### Work to complete
Would you please set down the entries below exactly as shown?
Data for analysis Start Marker
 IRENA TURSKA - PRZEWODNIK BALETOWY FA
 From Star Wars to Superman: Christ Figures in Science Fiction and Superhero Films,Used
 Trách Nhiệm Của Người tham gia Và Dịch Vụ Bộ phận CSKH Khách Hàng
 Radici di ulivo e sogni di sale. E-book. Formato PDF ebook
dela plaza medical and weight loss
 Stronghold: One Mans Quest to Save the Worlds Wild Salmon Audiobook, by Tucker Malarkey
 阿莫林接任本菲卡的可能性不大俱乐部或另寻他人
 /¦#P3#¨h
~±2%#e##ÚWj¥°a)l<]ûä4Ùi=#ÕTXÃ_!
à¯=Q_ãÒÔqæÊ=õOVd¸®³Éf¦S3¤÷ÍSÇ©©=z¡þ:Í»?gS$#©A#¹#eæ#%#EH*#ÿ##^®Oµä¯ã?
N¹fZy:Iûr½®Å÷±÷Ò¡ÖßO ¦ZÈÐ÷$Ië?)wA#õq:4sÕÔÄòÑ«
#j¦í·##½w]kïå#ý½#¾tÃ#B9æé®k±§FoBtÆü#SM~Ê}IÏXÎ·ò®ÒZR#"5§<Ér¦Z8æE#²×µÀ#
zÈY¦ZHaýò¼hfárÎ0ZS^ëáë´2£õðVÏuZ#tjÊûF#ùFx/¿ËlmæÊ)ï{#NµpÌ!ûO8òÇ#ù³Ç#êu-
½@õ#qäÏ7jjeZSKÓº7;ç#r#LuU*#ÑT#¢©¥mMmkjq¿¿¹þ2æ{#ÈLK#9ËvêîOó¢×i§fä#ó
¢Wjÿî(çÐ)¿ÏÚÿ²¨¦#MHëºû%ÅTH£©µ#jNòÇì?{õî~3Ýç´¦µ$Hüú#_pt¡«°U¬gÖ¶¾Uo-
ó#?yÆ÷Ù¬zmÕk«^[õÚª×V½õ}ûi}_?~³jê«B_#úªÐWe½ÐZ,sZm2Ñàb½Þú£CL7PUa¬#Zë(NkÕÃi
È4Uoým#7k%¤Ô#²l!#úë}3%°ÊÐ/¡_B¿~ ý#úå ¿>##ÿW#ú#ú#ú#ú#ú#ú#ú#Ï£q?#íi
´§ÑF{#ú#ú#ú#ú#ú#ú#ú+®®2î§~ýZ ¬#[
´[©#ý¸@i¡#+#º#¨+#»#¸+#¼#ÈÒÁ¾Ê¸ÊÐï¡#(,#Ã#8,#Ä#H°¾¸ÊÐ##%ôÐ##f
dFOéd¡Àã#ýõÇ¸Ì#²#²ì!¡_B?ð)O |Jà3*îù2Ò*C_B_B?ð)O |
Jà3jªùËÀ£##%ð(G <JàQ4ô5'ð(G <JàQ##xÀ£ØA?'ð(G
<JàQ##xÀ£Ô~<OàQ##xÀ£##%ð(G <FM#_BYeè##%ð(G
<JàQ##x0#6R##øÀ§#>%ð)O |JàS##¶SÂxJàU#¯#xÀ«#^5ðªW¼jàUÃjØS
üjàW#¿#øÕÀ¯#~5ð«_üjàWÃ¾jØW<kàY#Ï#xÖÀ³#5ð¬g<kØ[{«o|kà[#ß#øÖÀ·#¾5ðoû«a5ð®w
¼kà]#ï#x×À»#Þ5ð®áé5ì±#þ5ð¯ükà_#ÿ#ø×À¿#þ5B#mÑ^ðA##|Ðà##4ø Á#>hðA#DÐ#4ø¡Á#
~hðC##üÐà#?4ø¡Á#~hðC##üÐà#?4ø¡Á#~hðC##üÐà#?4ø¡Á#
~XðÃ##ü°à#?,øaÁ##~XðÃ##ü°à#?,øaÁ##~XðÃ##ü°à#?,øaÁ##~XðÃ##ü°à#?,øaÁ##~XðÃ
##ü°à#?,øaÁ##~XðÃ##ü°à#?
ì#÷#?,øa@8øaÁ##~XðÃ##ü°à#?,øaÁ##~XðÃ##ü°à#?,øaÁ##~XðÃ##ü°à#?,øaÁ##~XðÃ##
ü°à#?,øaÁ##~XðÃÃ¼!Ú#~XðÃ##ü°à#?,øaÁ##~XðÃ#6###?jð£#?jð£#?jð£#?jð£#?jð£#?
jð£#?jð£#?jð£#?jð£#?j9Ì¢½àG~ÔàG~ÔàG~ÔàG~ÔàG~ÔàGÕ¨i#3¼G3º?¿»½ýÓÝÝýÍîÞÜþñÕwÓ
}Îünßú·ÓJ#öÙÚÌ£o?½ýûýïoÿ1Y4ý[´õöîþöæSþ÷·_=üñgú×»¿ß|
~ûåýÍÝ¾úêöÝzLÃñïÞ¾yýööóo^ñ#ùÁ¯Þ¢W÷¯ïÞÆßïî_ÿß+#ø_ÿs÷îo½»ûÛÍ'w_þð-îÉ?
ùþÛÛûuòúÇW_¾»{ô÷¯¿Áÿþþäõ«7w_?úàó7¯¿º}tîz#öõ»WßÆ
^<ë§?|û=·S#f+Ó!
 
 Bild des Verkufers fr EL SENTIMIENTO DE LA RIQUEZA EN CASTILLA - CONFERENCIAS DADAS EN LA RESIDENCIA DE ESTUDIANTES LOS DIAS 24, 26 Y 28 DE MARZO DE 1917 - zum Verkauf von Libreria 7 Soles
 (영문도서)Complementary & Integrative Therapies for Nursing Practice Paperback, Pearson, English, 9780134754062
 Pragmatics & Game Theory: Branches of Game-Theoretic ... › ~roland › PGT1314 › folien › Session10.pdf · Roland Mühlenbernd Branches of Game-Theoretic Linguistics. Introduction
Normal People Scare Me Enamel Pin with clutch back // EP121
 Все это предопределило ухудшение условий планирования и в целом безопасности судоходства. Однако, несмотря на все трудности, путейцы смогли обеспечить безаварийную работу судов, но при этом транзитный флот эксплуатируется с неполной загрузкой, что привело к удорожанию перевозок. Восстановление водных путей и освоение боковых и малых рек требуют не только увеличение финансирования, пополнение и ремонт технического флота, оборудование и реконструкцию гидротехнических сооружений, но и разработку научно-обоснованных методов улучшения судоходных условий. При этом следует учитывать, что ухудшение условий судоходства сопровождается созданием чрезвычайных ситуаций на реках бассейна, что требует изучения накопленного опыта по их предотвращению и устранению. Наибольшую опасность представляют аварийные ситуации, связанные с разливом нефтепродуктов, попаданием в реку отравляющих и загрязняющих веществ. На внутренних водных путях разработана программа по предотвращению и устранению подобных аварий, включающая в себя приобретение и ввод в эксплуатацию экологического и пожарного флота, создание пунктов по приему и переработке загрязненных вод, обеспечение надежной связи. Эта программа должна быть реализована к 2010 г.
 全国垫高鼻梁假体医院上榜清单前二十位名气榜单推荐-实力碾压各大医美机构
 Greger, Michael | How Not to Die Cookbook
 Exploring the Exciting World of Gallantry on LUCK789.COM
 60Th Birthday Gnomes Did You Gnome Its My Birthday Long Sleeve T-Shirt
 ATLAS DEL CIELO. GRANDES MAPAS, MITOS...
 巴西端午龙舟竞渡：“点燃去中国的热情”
Data for analysis End Marker
### Result for this exercise
 IRENA TURSKA - PRZEWODNIK BALETOWY FA
 From Star Wars to Superman: Christ Figures in Science Fiction and Superhero Films,Used
 Trách Nhiệm Của Người tham gia Và Dịch Vụ Bộ phận CSKH Khách Hàng
 Radici di ulivo e sogni di sale. E-book. Formato PDF ebook
dela plaza medical and weight loss
 Stronghold: One Mans Quest to Save the Worlds Wild Salmon Audiobook, by Tucker Malarkey
 阿莫林接任本菲卡的可能性不大俱乐部或另寻他人
 /¦#P3#¨h
~±2%#e##ÚWj¥°a)l<]ûä4Ùi=#ÕTXÃ_!
à¯=Q_ãÒÔqæÊ=õOVd¸®³Éf¦S3¤÷ÍSÇ©©=z¡þ:Í»?gS$#©A#¹#eæ#%#EH*#ÿ##^®Oµä¯ã?
N¹fZy:Iûr½®Å÷±÷Ò¡ÖßO ¦ZÈÐ÷$Ië?)wA#õq:4sÕÔÄòÑ«
#j¦í·##½w]kïå#ý½#¾tÃ#B9æé®k±§FoBtÆü#SM~Ê}IÏXÎ·ò®ÒZR#"5§<Ér¦Z8æE#²×µÀ#
zÈY¦ZHaýò¼hfárÎ0ZS^ëáë´2£õðVÏuZ#tjÊûF#ùFx/¿ËlmæÊ)ï{#NµpÌ!ûO8òÇ#ù³Ç#êu-
½@õ#qäÏ7jjeZSKÓº7;ç#r#LuU*#ÑT#¢©¥mMmkjq¿¿¹þ2æ{#ÈLK#9ËvêîOó¢×i§fä#ó
¢Wjÿî(çÐ)¿ÏÚÿ²¨¦#MHëºû%ÅTH£©µ#jNòÇì?{õî~3Ýç´¦µ$Hüú#_pt¡«°U¬gÖ¶¾Uo-
ó#?yÆ÷Ù¬zmÕk«^[õÚª×V½õ}ûi}_?~³jê«B_#úªÐWe½ÐZ,sZm2Ñàb½Þú£CL7PUa¬#Zë(NkÕÃi
È4Uoým#7k%¤Ô#²l!#úë}3%°ÊÐ/¡_B¿~ ý#úå ¿>##ÿW#ú#ú#ú#ú#ú#ú#ú#Ï£q?#íi
´§ÑF{#ú#ú#ú#ú#ú#ú#ú+®®2î§~ýZ ¬#[
´[©#ý¸@i¡#+#º#¨+#»#¸+#¼#ÈÒÁ¾Ê¸ÊÐï¡#(,#Ã#8,#Ä#H°¾¸ÊÐ##%ôÐ##f
dFOéd¡Àã#ýõÇ¸Ì#²#²ì!¡_B?ð)O |Jà3*îù2Ò*C_B_B?ð)O |
Jà3jªùËÀ£##%ð(G <JàQ4ô5'ð(G <JàQ##xÀ£ØA?'ð(G
<JàQ##xÀ£Ô~<OàQ##xÀ£##%ð(G <FM#_BYeè##%ð(G
<JàQ##x0#6R##øÀ§#>%ð)O |JàS##¶SÂxJàU#¯#xÀ«#^5ðªW¼jàUÃjØS
üjàW#¿#øÕÀ¯#~5ð«_üjàWÃ¾jØW<kàY#Ï#xÖÀ³#5ð¬g<kØ[{«o|kà[#ß#øÖÀ·#¾5ðoû«a5ð®w
¼kà]#ï#x×À»#Þ5ð®áé5ì±#þ5ð¯ükà_#ÿ#ø×À¿#þ5B#mÑ^ðA##|Ðà##4ø Á#>hðA#DÐ#4ø¡Á#
~hðC##üÐà#?4ø¡Á#~hðC##üÐà#?4ø¡Á#~hðC##üÐà#?4ø¡Á#
~XðÃ##ü°à#?,øaÁ##~XðÃ##ü°à#?,øaÁ##~XðÃ##ü°à#?,øaÁ##~XðÃ##ü°à#?,øaÁ##~XðÃ
##ü°à#?,øaÁ##~XðÃ##ü°à#?
ì#÷#?,øa@8øaÁ##~XðÃ##ü°à#?,øaÁ##~XðÃ##ü°à#?,øaÁ##~XðÃ##ü°à#?,øaÁ##~XðÃ##
ü°à#?,øaÁ##~XðÃÃ¼!Ú#~XðÃ##ü°à#?,øaÁ##~XðÃ#6###?jð£#?jð£#?jð£#?jð£#?jð£#?
jð£#?jð£#?jð£#?jð£#?j9Ì¢½àG~ÔàG~ÔàG~ÔàG~ÔàG~ÔàGÕ¨i#3¼G3º?¿»½ýÓÝÝýÍîÞÜþñÕwÓ
}Îünßú·ÓJ#öÙÚÌ£o?½ýûýïoÿ1Y4ý[´õöîþöæSþ÷·_=üñgú×»¿ß|
~ûåýÍÝ¾úêöÝzLÃñïÞ¾yýööóo^ñ#ùÁ¯Þ¢W÷¯ïÞÆßïî_ÿß+#ø_ÿs÷îo½»ûÛÍ'w_þð-îÉ?
ùþÛÛûuòúÇW_¾»{ô÷¯¿Áÿþþäõ«7w_?úàó7¯¿º}tîz#öõ»WßÆ
^<ë§?|û=·S#f+Ó!
 
 Bild des Verkufers fr EL SENTIMIENTO DE LA RIQUEZA EN CASTILLA - CONFERENCIAS DADAS EN LA RESIDENCIA DE ESTUDIANTES LOS DIAS 24, 26 Y 28 DE MARZO DE 1917 - zum Verkauf von Libreria 7 Soles
 (영문도서)Complementary & Integrative Therapies for Nursing Practice Paperback, Pearson, English, 9780134754062
 Pragmatics & Game Theory: Branches of Game-Theoretic ... › ~roland › PGT1314 › folien › Session10.pdf · Roland Mühlenbernd Branches of Game-Theoretic Linguistics. Introduction
Normal People Scare Me Enamel Pin with clutch back // EP121
 Все это предопределило ухудшение условий планирования и в целом безопасности судоходства. Однако, несмотря на все трудности, путейцы смогли обеспечить безаварийную работу судов, но при этом транзитный флот эксплуатируется с неполной загрузкой, что привело к удорожанию перевозок. Восстановление водных путей и освоение боковых и малых рек требуют не только увеличение финансирования, пополнение и ремонт технического флота, оборудование и реконструкцию гидротехнических сооружений, но и разработку научно-обоснованных методов улучшения судоходных условий. При этом следует учитывать, что ухудшение условий судоходства сопровождается созданием чрезвычайных ситуаций на реках бассейна, что требует изучения накопленного опыта по их предотвращению и устранению. Наибольшую опасность представляют аварийные ситуации, связанные с разливом нефтепродуктов, попаданием в реку отравляющих и загрязняющих веществ. На внутренних водных путях разработана программа по предотвращению и устранению подобных аварий, включающая в себя приобретение и ввод в эксплуатацию экологического и пожарного флота, создание пунктов по приему и переработке загрязненных вод, обеспечение надежной связи. Эта программа должна быть реализована к 2010 г.
 全国垫高鼻梁假体医院上榜清单前二十位名气榜单推荐-实力碾压各大医美机构
 Greger, Michael | How Not to Die Cookbook
 Exploring the Exciting World of Gallantry on LUCK789.COM
 60Th Birthday Gnomes Did You Gnome Its My Birthday Long Sleeve T-Shirt
 ATLAS DEL CIELO. GRANDES MAPAS, MITOS...
 巴西端午龙舟竞渡：“点燃去中国的热情”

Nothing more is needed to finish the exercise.